Friese is also Second Vice Chair on the Missouri Baptist Foundation board of trustees.
Dr. Sam Page, St. Louis County Executive, presented the Betty L. Thompson Lifetime Achievement Award to the pastors. The award is named for Betty Thompson, a former Missouri State Representative and a civil rights activist. Thompson joined Page in the presentation and announced that the award was to recognize “Unsung Heroes.”
“After the riots in Ferguson,” Friese said, “pastors gathered to pray. We also began to realize that we needed to learn culture from each other. I know 75% of my congregation is African-American, and I need to learn to better minister to them.”
Jim Walker agreed that learning was a large part of their group. “North County is full of neighborhoods in transition with special challenges for well established churches,” he said. “We must deal with changing socio-economic issues and ethnicities.”
In addition to presenting the certificates, Page was invited to share with the group and to answer questions. “Diversity and equity are important to me,” he said. “We must get it out on the table and move forward together.”
Moving forward, to Page, includes “how we treat people and relate to each other.”
“The faith community is the moral backbone to the race issue,” he said. “Faith holds the key because it controls what we think about each other. Diversity is what we count, inclusion is what we feel.”
The diverse pastors’ group is a leading step. “We’ve come together to pray, study Scripture and look to the Lord,” Walker said. “We have a sweet, unified group sharing love.
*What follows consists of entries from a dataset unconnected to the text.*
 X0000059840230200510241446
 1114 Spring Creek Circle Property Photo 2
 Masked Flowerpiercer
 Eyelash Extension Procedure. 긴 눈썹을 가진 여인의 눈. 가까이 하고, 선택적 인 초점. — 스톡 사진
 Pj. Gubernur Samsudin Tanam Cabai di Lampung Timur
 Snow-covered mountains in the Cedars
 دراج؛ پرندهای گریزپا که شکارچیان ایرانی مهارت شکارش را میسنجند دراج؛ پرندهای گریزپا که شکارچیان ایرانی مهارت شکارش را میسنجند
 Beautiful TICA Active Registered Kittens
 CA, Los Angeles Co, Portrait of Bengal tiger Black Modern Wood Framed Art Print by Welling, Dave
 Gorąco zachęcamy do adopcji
We are a bright light in societal darkness.”
Walker said they have pulpit exchanges as well as unity services. “We switch pulpits with the other ethnic group,” he said.
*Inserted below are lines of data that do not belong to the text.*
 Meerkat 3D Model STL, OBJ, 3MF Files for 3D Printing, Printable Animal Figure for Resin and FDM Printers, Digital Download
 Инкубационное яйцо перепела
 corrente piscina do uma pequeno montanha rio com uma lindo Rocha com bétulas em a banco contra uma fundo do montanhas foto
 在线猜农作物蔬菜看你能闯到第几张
“This group provides an open and diversified safe forum,” Friese said, “on misunderstandings and misconceptions of cultural differences in our church.”
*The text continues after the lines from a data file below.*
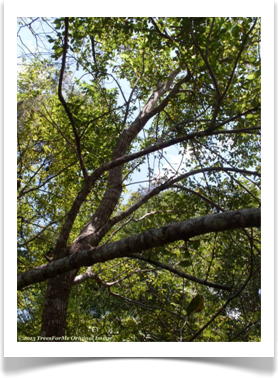 Ulmus americana, American Elm, branches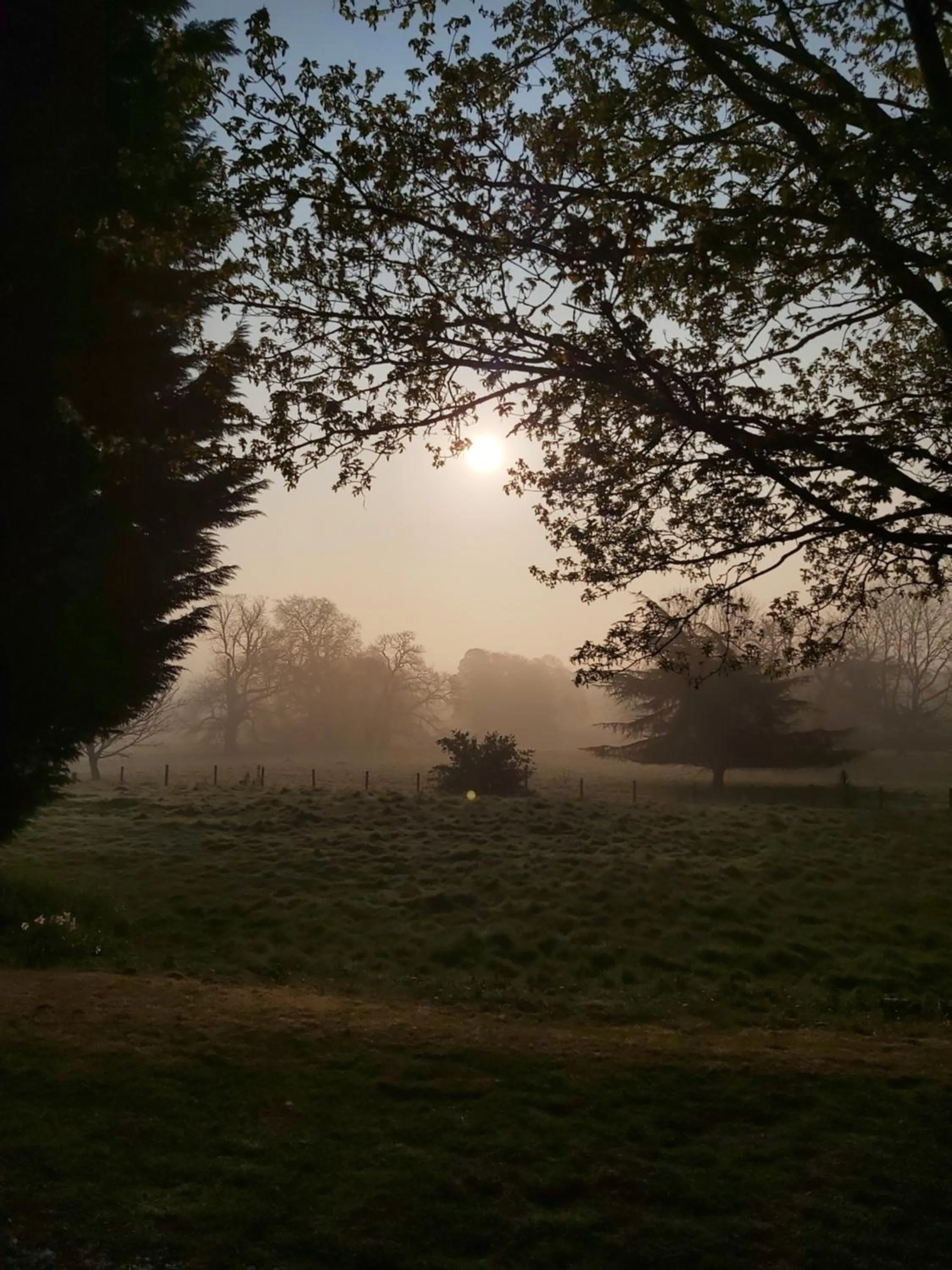 Natural landscape in The Judds Folly Hotel, Sure Hotel Collection by Best Western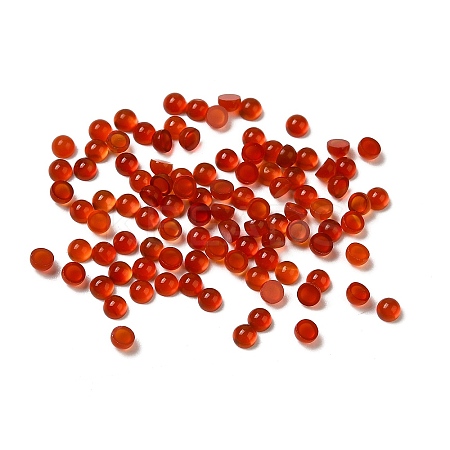 Natural Carnelian Dome/Half Round Cabochons G-G037-01B-04-1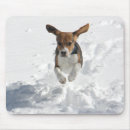 Search for beagle mousepads Snoopy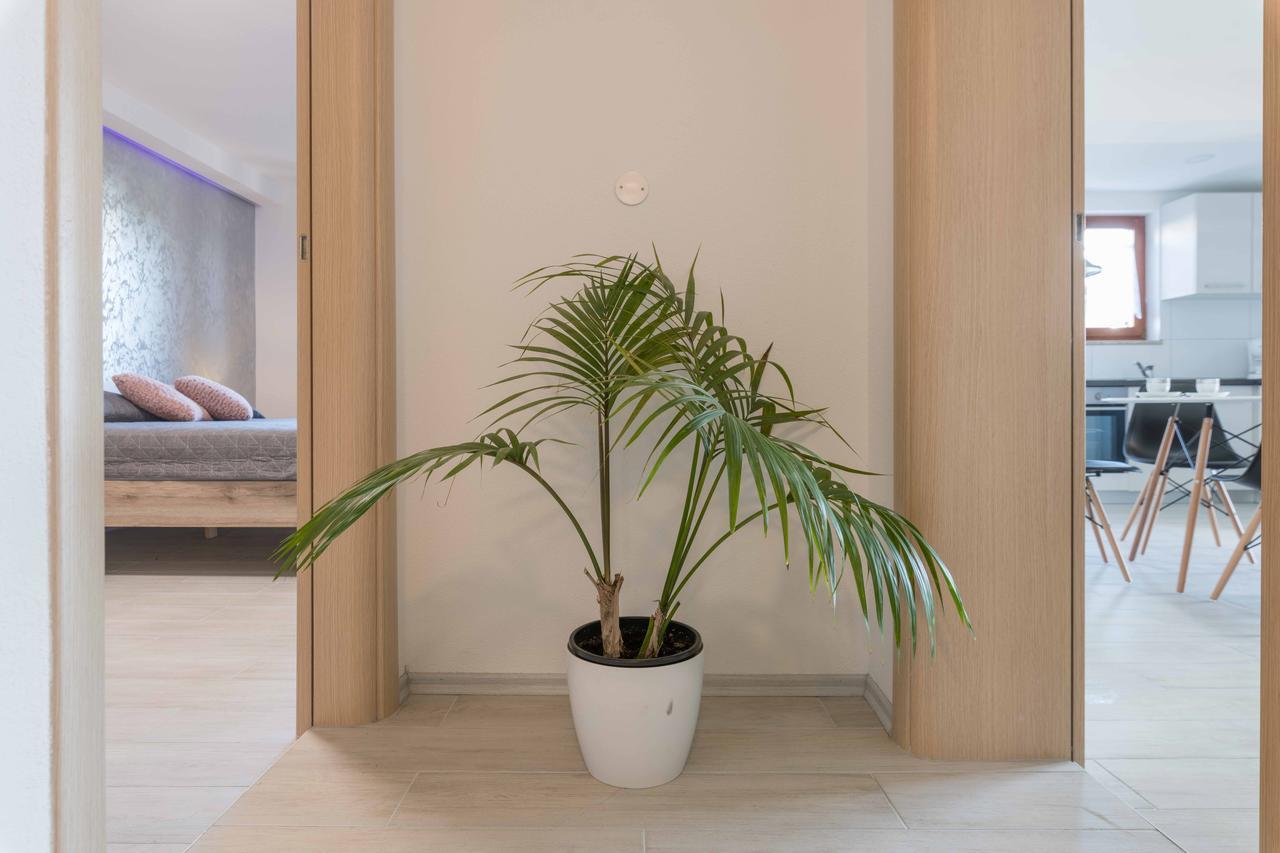 Apartments Villa Tre Marie โรวีน ภายนอก รูปภาพ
Friese outlined some of the new ministries at his church. “We’re working with the community on mentoring young people,” he said. “We have about 90-120 kids all year long. We would also love to interest some business leaders and skilled trades to start some free training to qualify for better jobs. The church is located next to the bi-state transportation hub, so it would be convenient from anywhere in the city. The young people would have Christian morals as they step into the work community.”
“We’ve tried to address the huge problem of economic stress in our neighborhood,” Walker said. “Each week, we host a free community dinner on Wednesday. We have about 100 from the community and 100 members of the church, and we eat together. They are invited to stay for the regular programming, but we just want to share.”